Recently, all in one week, I listened to two podcasts (Digital Analytics Power Hour and Present Beyond Measure), attended a Google female founders meetup and a Women in Focus event all focusing on women in tech and women in digital analytics.
Unsurprisingly, I have been unable to stop thinking about women in tech and what that means for the digital analytics community.
I am not a woman in tech. My professional background is working within a highly technical Government Defence organisation, where, yes, I was a woman. But I’m not technical, right, so I never think of myself as a woman in tech. I might have advised people on highly technical operations – but I can’t do them. So it doesn’t count. Last year I joined a digital analytics company where I am learning to run analysis through R. True, my most visited website each day is stack overflow (hey – I’m learning) but I’m not a woman in tech because I’m not technical.
And then I came upon those two podcasts. And then an event. All in one week. It shifted my perspective on how I think about myself.
I listened to women talking about what it’s like to work in a male dominated industry – that applies to me — check/check (Defence/Digital Analytics).
Women talking about being intimidated at work because they are in meetings with highly technical colleagues talking about highly technical work and feeling like they can’t ask a question for fear of it being a ‘stupid question’ but also desperately wanting to understand how something works – check/check.
Or worse yet – women talking about asking the stupid question (which isn’t actually stupid) and then being judged for asking it – check.
Women talking about how they are motivated to learn terrifying new skills for their job but feeling like they can’t get there fast enough – check/check.
Women talking about how they want to be known as a thought leader in their field, and not just the token female for a working group, a speaking panel or a company quota – check.

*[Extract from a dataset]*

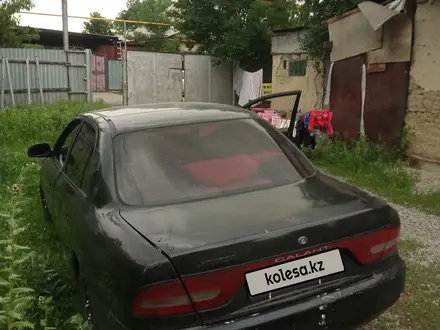 Mitsubishi Galant 1993 года за 650 000 тг. в Алматы – фото 7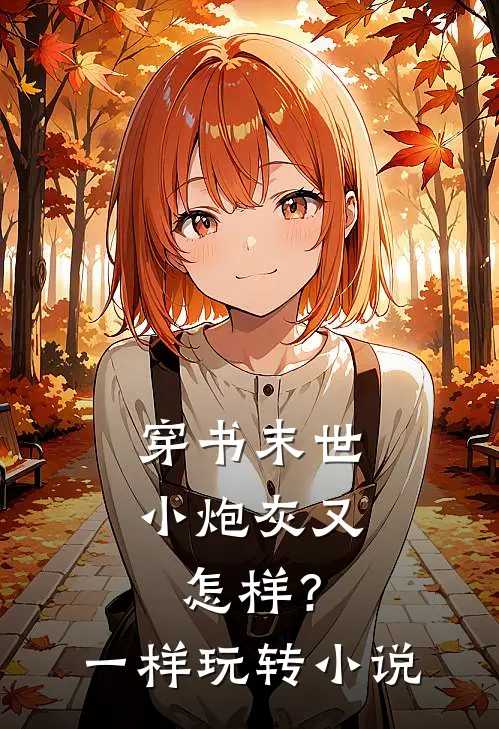 穿书末世:小炮灰又怎样?一样玩转小说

Women talking about how they have to work twice as hard to be considered as competent as a male colleague (check/check). And don’t get me started on what happens when you make a mistake.
Well it seems I am a woman in tech. When did this happen? Remember… I’m not technical.
So after listening to these women in tech share their experiences and realising that I am after all, a woman in tech, I started to think what’s the next logical step – how do we get more women in tech.
I am a woman in tech and I have an answer for you.
The easy group:
Some women are drawn to the analytics field and they love it – they take names and kick butt. These are the women that you already work next to and hear from regularly – they are like Michele Kiss, Krista Seiden, Lea Pica and Aurélie Pol. Keep supporting them and they will continue to inspire many young women to get involved in a more technical field through the amazing examples they set across the industry.
The hard group:
These are the women that don’t think they are technical but also have an open mind – this is me. I came to be an analyst because I love understanding how people work – and data gives me an answer to how, why or what someone did and an idea of what they will do next.
I’m not afraid to ask a ‘dumb’ question if it means understanding a problem better (in some jobs this has even been an asset). I’m not afraid to learn a new skillset. I’m not afraid to be surrounded by intelligent, technical colleagues, even if it means being the only woman in the room. I still remember being the only female in my advanced physics class and my teacher betting I would top the class – and I did (note: I do not encourage gambling in high schools). I thrive off being around people smarter than me because it pushes me and I learn from the best (the same reason I like to exercise with people fitter than me).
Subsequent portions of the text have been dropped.